We introduce a detailed atomistic tight-binding model that captures Bi-related defect states and their interaction with host bands in dilute bismide alloys, explaining band gap and spin-orbit splitting variations.

Findings

Bi incorporation introduces defect states in the band gap.

Band anti-crossing explains the variation in band gap and spin-orbit splitting.

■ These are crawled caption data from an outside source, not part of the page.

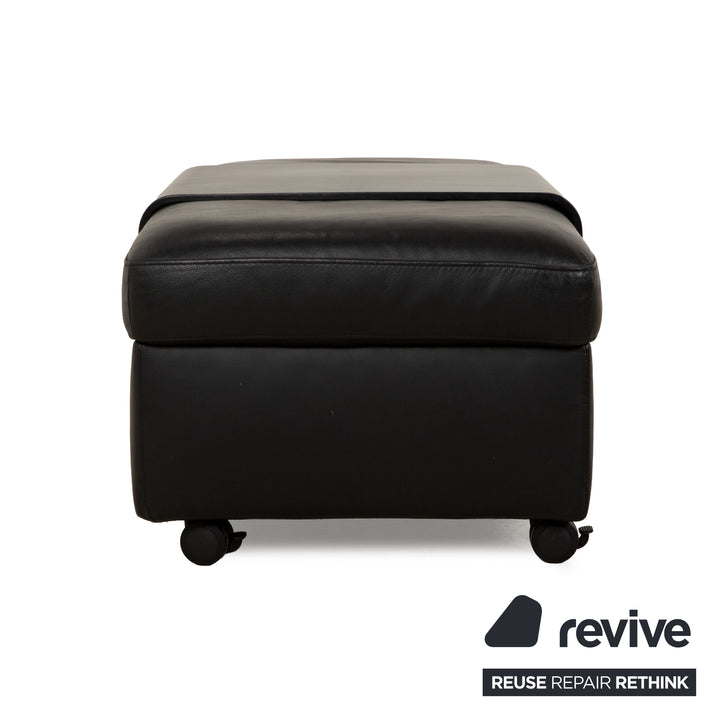 Stressless Arion Leather Stool Black Manual Function Wheels Storage Compartment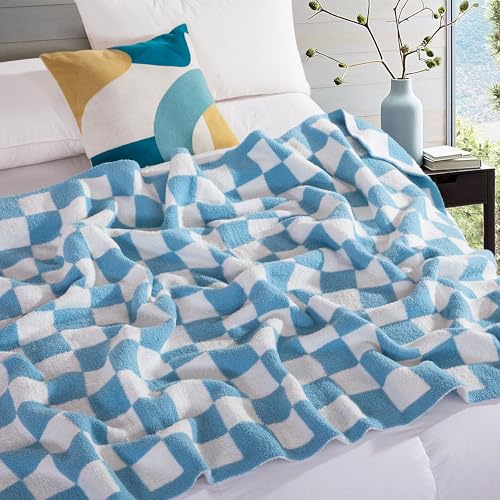Elegant Comfort Checkered Throw Blanket, Aqua Super Soft Cozy Fluffy Warm Throw Blankets for Couch, Sofa, Chair, Bed, Camp...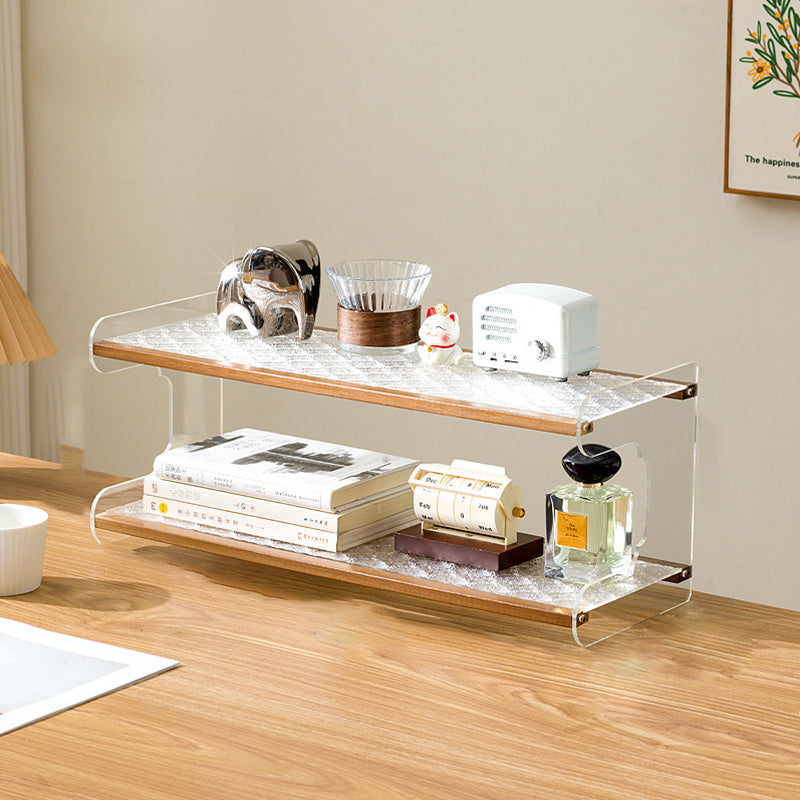 Modern Minimalist Rectangular Bamboo Acrylic Acrylonitrile Butadiene Styrene Bookshelves 2/3/4-Tier For Home Office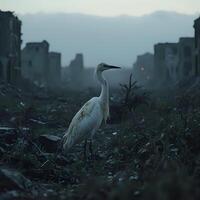 A bird standing in a field of rubble photo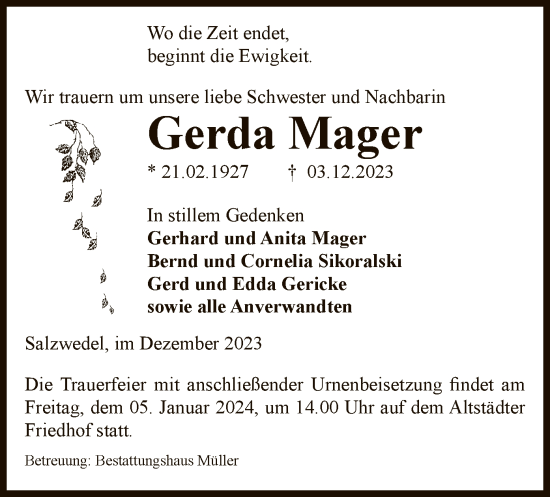 Todesanzeige von Gerda Mager von UEL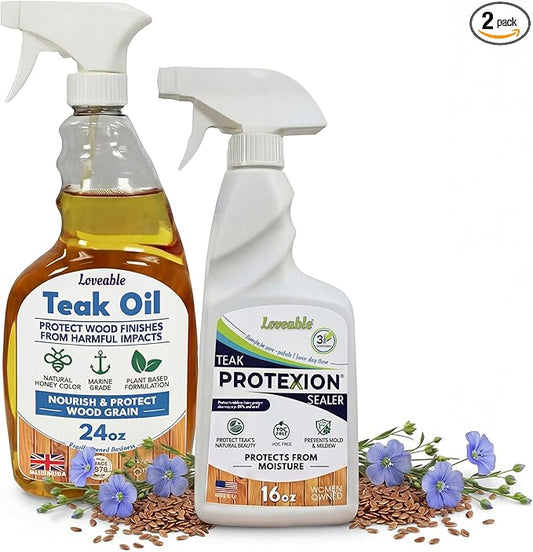 EcoDecors Loveable 24 oz Spray Bottle Teak Oil and Loveable Protection 16 oz Teak Sealer For Outdoor Furniture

Model accurately reproduces experimental crossover at 10.5% Bi.

Abstract

We develop an atomistic, nearest-neighbor sp3s* tight-binding Hamiltonian to investigate the electronic structure of dilute bismide alloys of GaP and GaAs. Using this model we calculate that the incorporation of dilute concentrations of Bi in GaP introduces Bi-related defect states in the band gap, which interact with the host matrix valence band edge via a Bi composition dependent band anti-crossing (BAC) interaction. By extending this analysis to GaBiAs we demonstrate that the observed strong variation of the band gap Eg and spin-orbit-splitting (SO) energy with Bi composition can be well explained in terms of a BAC interaction between the extended states of the GaAs valence band edge and highly localized Bi-related defect states lying in the valence band, with the change in Eg also having a significant contribution from a conventional alloy reduction in the conduction band edge energy. Our calculated values of Eg and SO are in good agreement with experiment throughout the investigated composition range x less than 13%. In particular, our calculations reproduce the experimentally observed crossover to an Eg < SO regime at approximately 10.5% Bi composition in bulk GaBiAs. Recent x-ray spectroscopy measurements have indicated the presence of Bi pairs and clusters even for Bi compositions as low as 2%. We include a systematic study of different Bi nearest-neighbor environments in the alloy to achieve a quantitative understanding of the effect of Bi pairing and clustering on the GaBiAs electronic structure.